Starting from the line containing "Др.Коффер B402711-260-04 сумка", give again every line through the end of the entries, word for word. Pictures stay out of the copy.

*DATASET EXTRACT*.
Start of Block
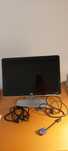 Monitor HP w1907v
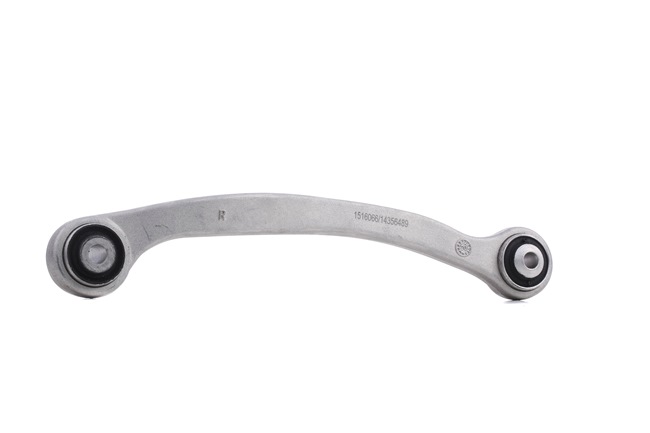 RIDEX 273C1138 Suspension arm MERCEDES-BENZ CLS (C219) CLS 350 CDI 3.0 272 hp Diesel 2009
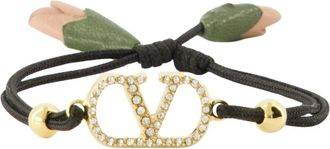 Valentino Garavani Donna, Accessori, Nero, Taglia unica, new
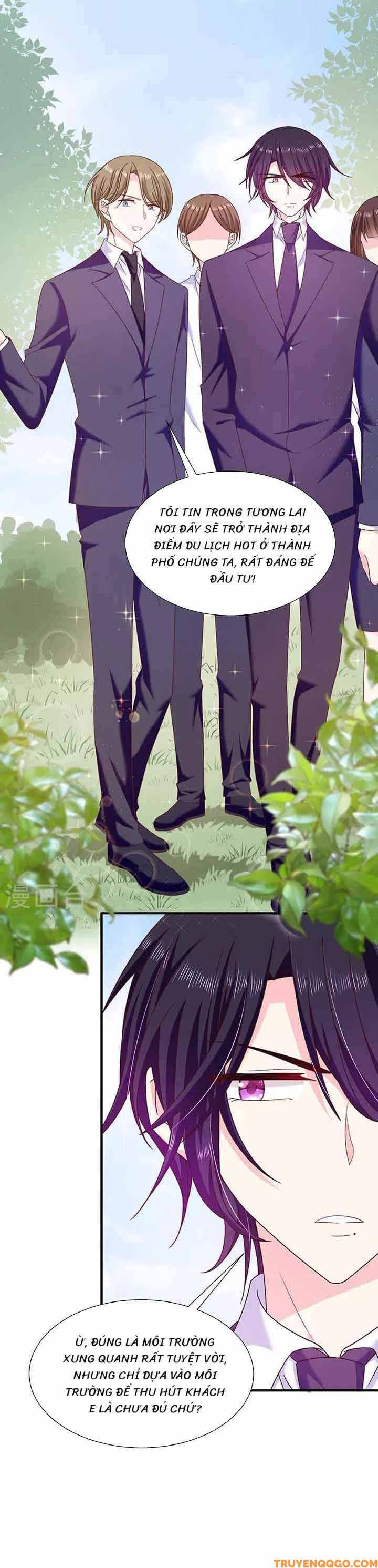 Devil Do Not Kiss Me - Chapter 71 - Page 6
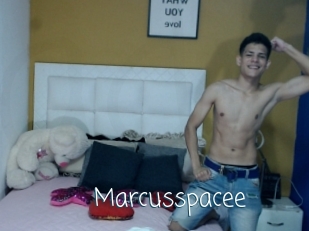 Marcusspacee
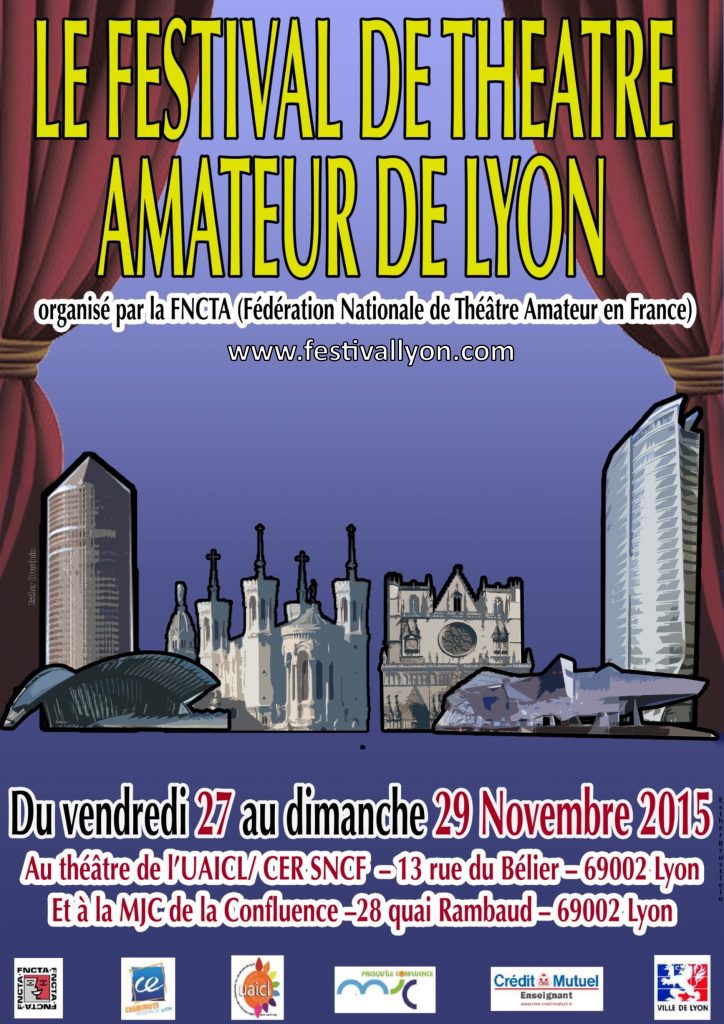 Festival de Lyon 2015-B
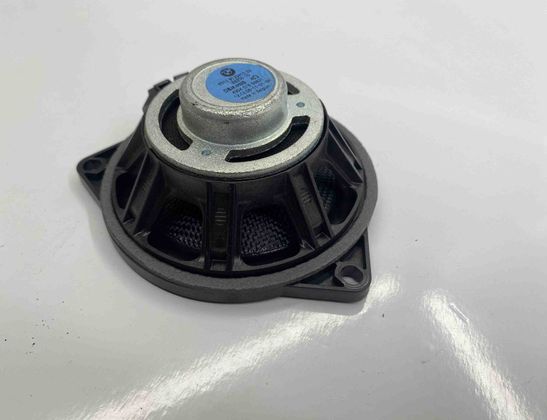BMW 7 Series F01/F02 (2008-2015) Ľavý predný dverový reproduktor 9133410,65139133410 23527249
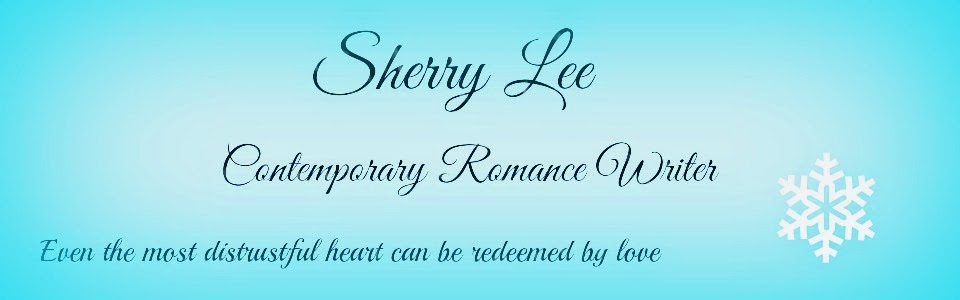 Sherry Lee, Contemporary Romance Writer
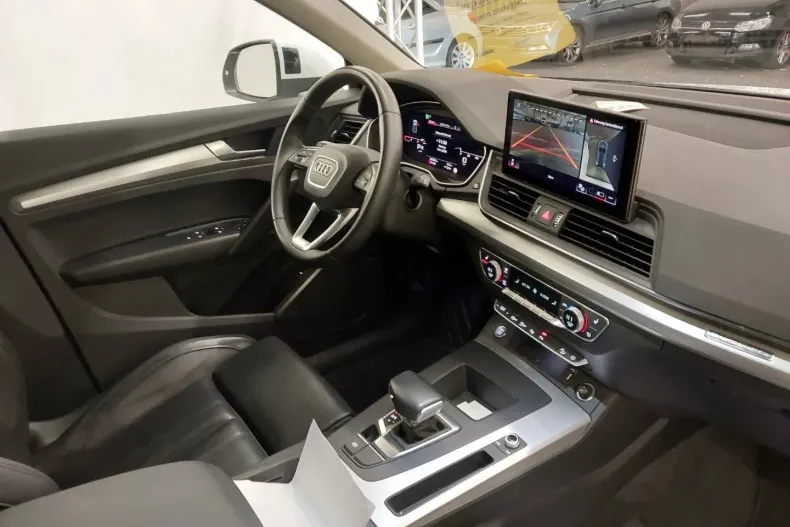 Audi Q5 din 2021 cu 82.000 km - oferta AUD177784 - foto 6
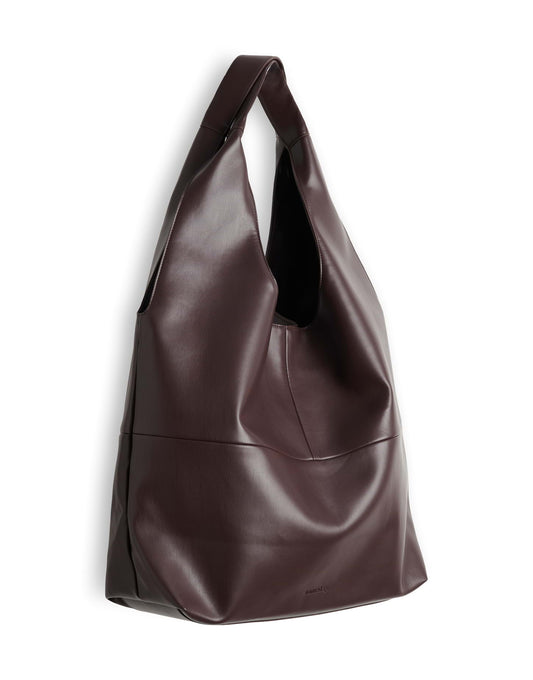 Brulea bag (Mahogany)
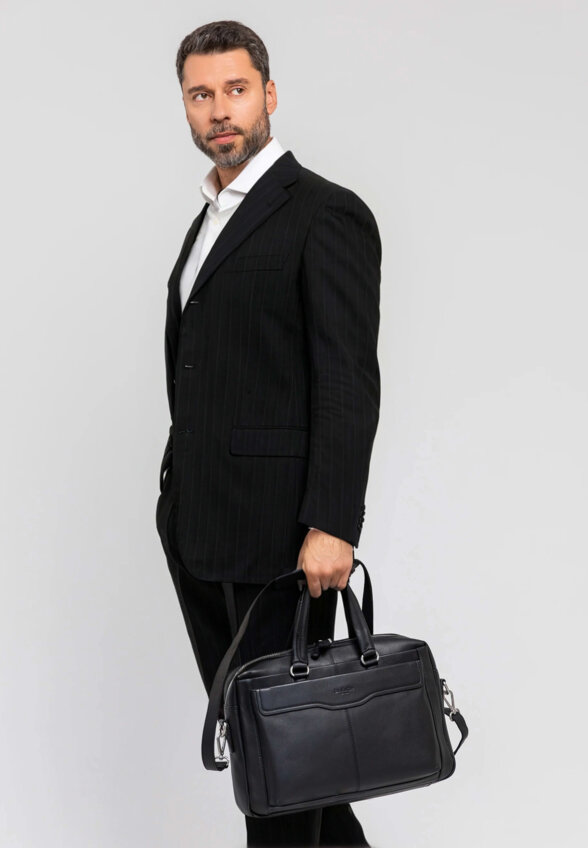 Др.Коффер B402711-260-04 сумка для документов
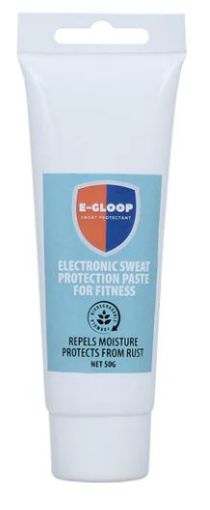 Picture of Servicemans EGLOOP Anti Corrosion Grease, gel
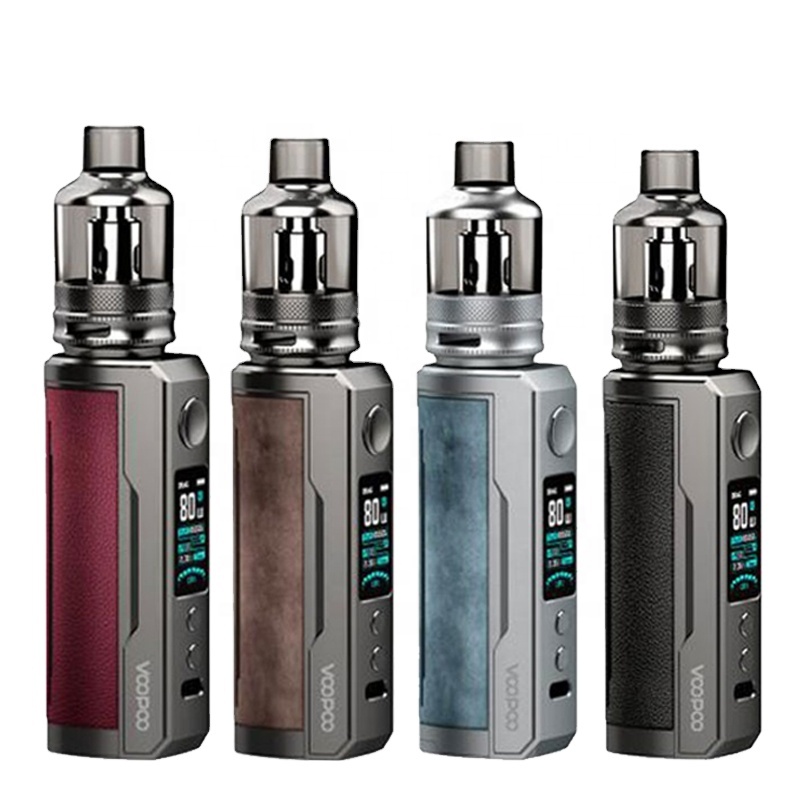 VOOPOO Drag X Plus 100W Box Mod Drag x Hottest selling mod VOOPOO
End of Block
*ANSWER SPACE*.
 Др.Коффер B402711-260-04 сумка для документов
 Picture of Servicemans EGLOOP Anti Corrosion Grease, gel
 VOOPOO Drag X Plus 100W Box Mod Drag x Hottest selling mod VOOPOO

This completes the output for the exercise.